* [MATERIAL PROVIDED]
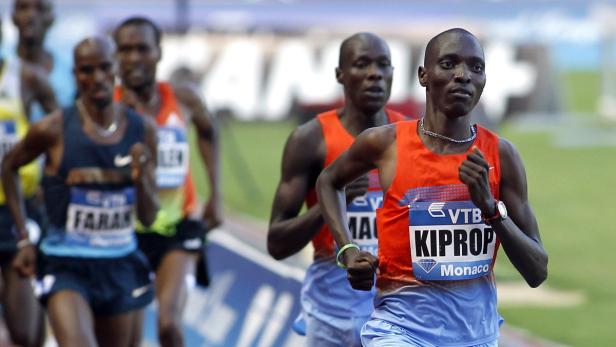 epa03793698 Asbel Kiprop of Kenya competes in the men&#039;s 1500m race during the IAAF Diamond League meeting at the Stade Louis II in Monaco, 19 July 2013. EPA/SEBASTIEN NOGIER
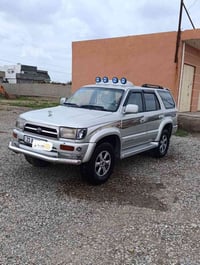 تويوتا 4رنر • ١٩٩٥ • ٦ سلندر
* * *
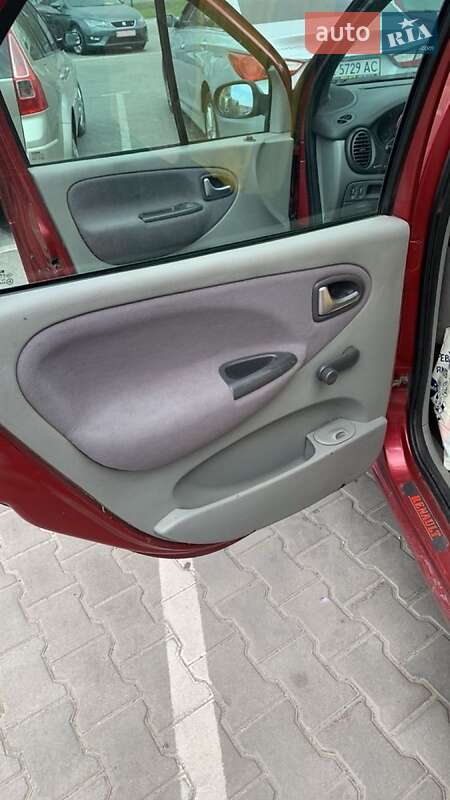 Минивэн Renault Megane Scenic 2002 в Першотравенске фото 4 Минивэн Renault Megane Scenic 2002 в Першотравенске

* [EXERCISE DETAILS]
To complete this exercise, transcribe exactly the lines above from the one that holds "epa03793698 Asbel Kiprop" through the one that holds "تويوتا 4رنر • ١٩٩٥ • ٦ سلندر". Pictures stay out.

* [EXPECTED OUTPUT]
 epa03793698 Asbel Kiprop of Kenya competes in the men&#039;s 1500m race during the IAAF Diamond League meeting at the Stade Louis II in Monaco, 19 July 2013. EPA/SEBASTIEN NOGIER
 تويوتا 4رنر • ١٩٩٥ • ٦ سلندر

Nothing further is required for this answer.